## [Activity]
Word for word, reproduce all entries below, leaving every picture out.

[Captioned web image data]

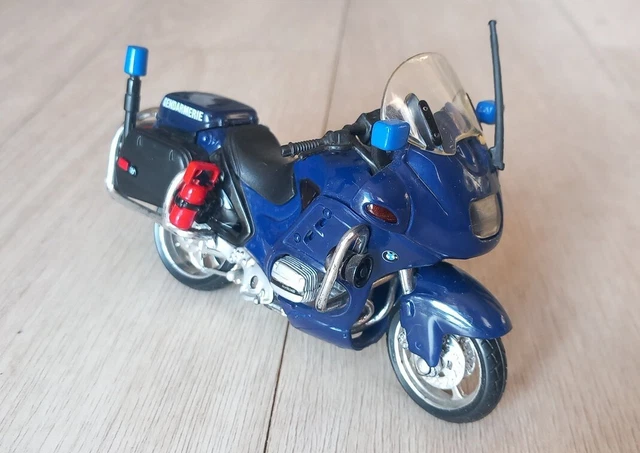 Lot Moto Miniature Gendarmerie Police 12cm Environ 3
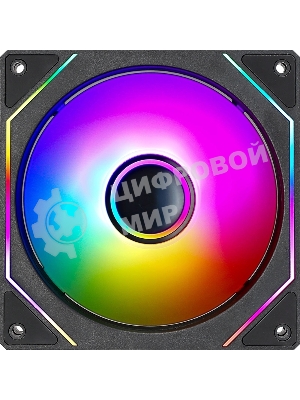 Вентилятор для корпуса Aerocool/Formula Floe 12BK ARPW ARGb черный, 120 мм, 1500 об/мин, 26.8 дБ, 4 pin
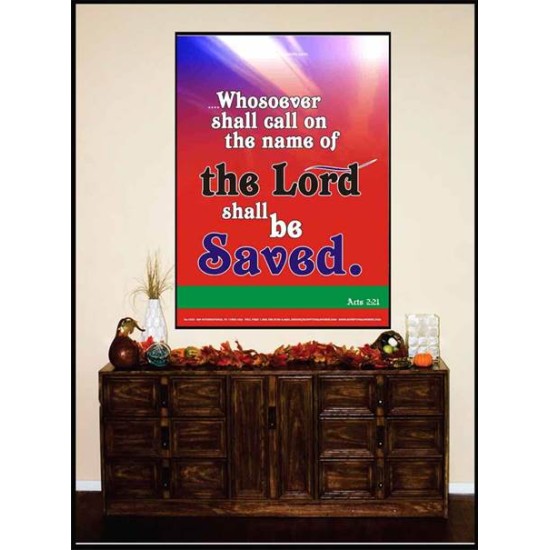 WHOSOEVER SHALL CALL   Inspiration Wall Art Frame   (GWJOY1632)   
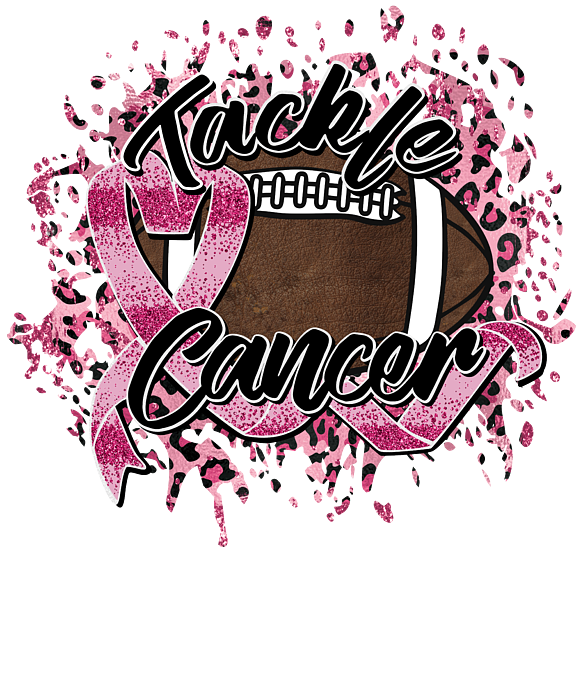 Breast Cancer Awareness Ribbon Pink Word Art Greeting Card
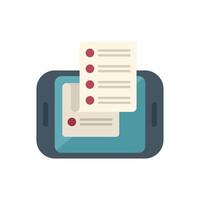 Mobile phone displaying checklist for task management and organization vector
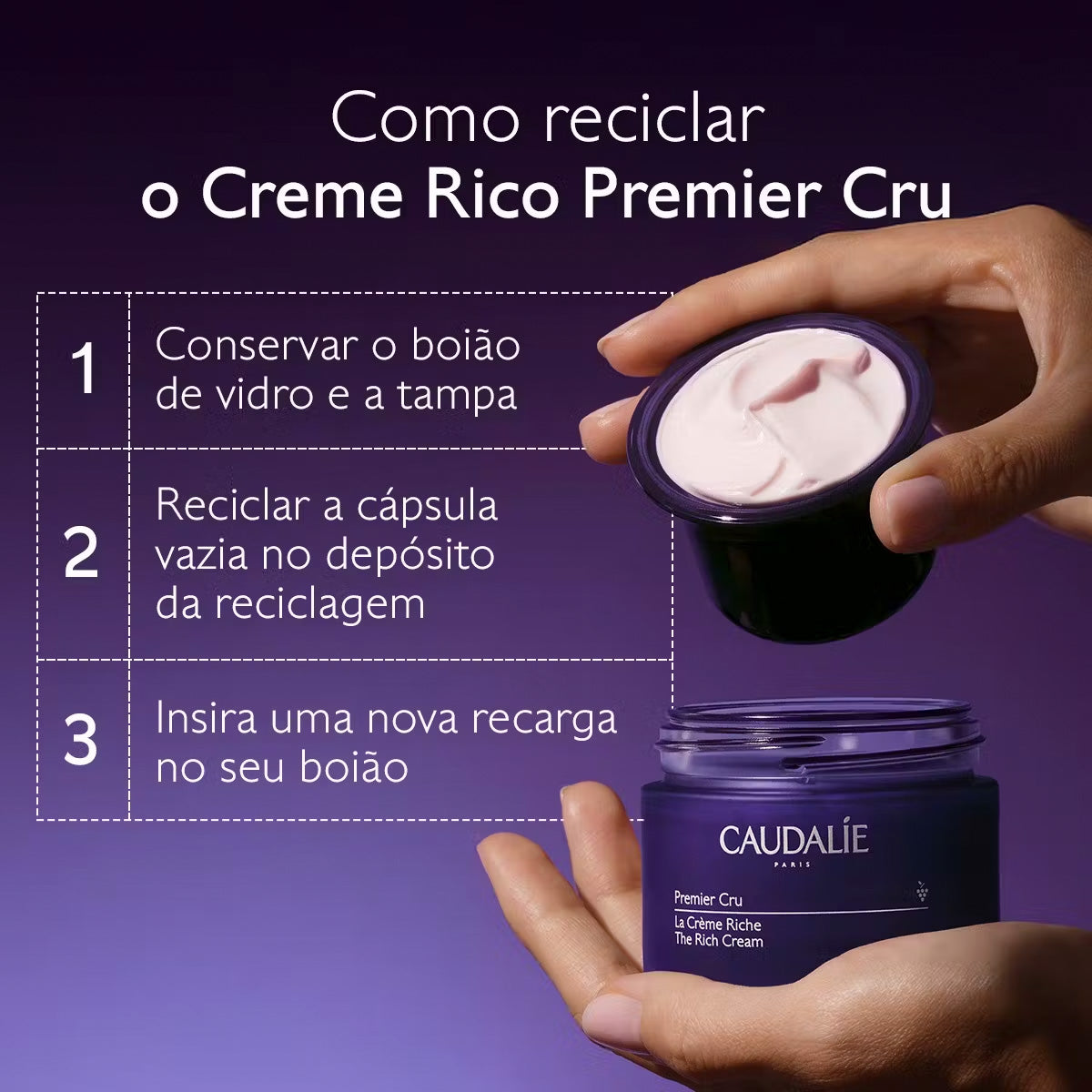 Caudalie Creme Rico Recarga Premier Cru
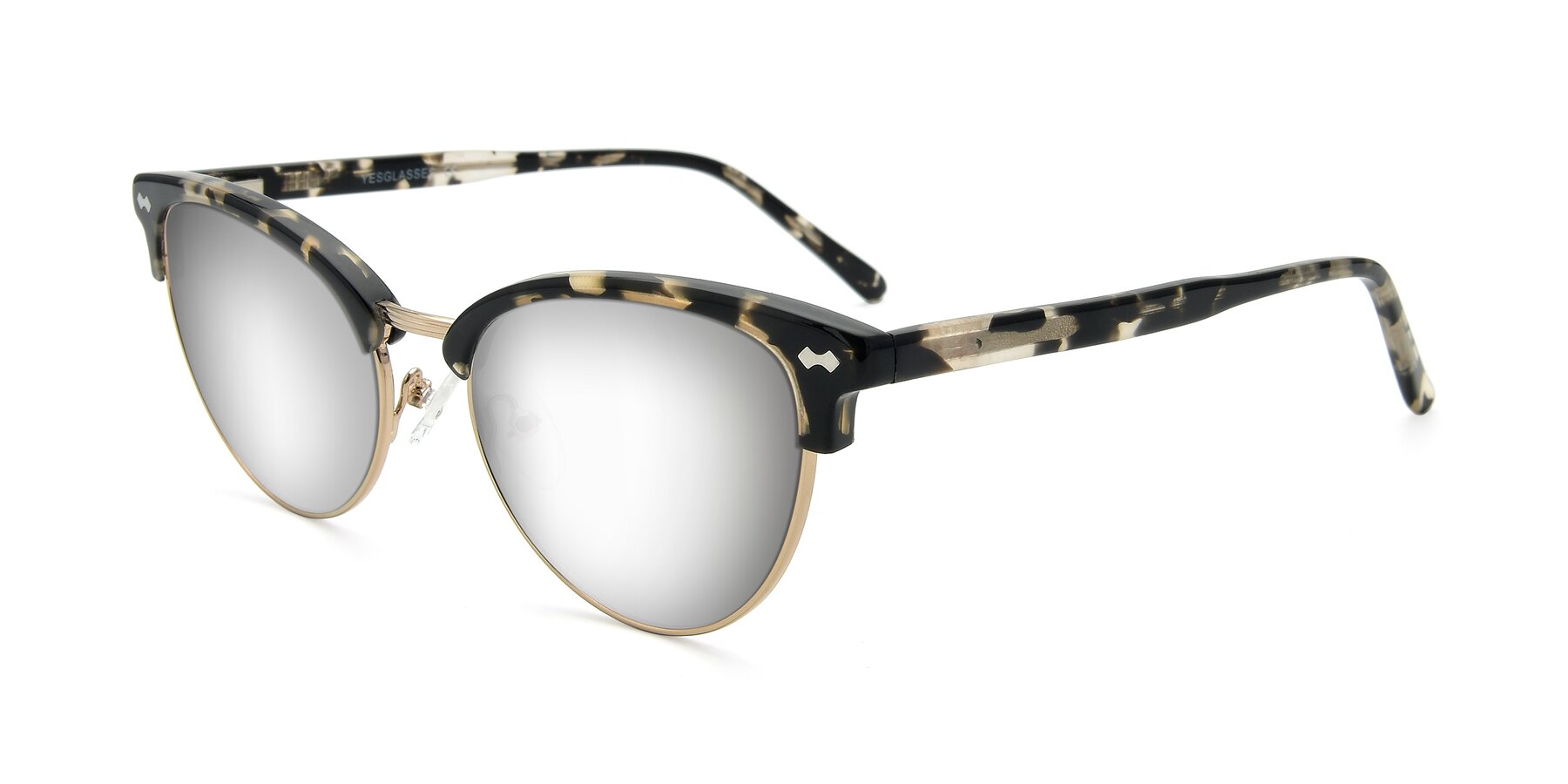 Angle of 17461 in Tortoise-Gold with Silver Mirrored Lenses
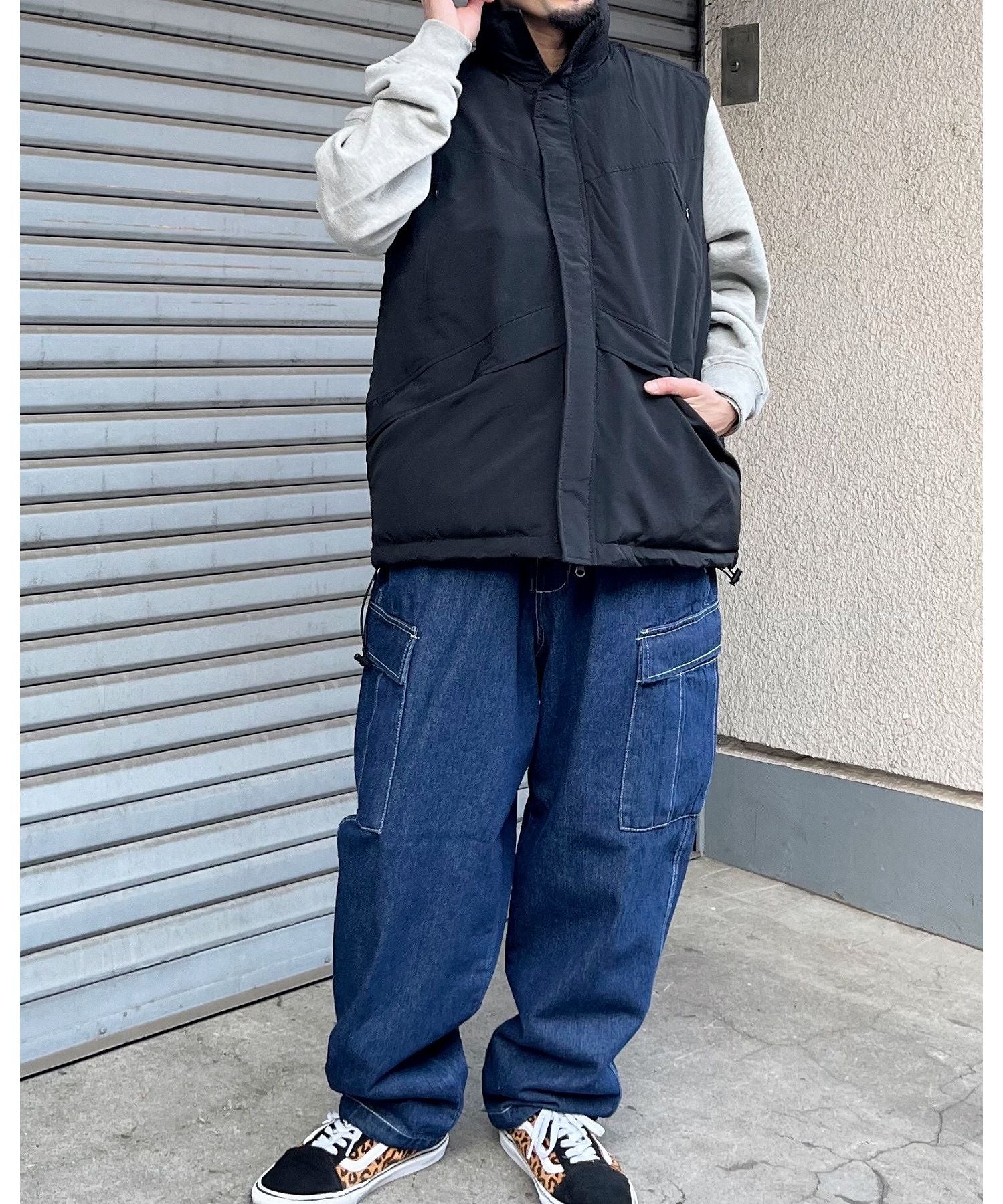 MODISH GAZE Nylon Washer Padded Military Vest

## [Output below]
 Lot Moto Miniature Gendarmerie Police 12cm Environ 3
 Вентилятор для корпуса Aerocool/Formula Floe 12BK ARPW ARGb черный, 120 мм, 1500 об/мин, 26.8 дБ, 4 pin
 WHOSOEVER SHALL CALL   Inspiration Wall Art Frame   (GWJOY1632)   
 Breast Cancer Awareness Ribbon Pink Word Art Greeting Card
 Mobile phone displaying checklist for task management and organization vector
 Caudalie Creme Rico Recarga Premier Cru
 Angle of 17461 in Tortoise-Gold with Silver Mirrored Lenses
 MODISH GAZE Nylon Washer Padded Military Vest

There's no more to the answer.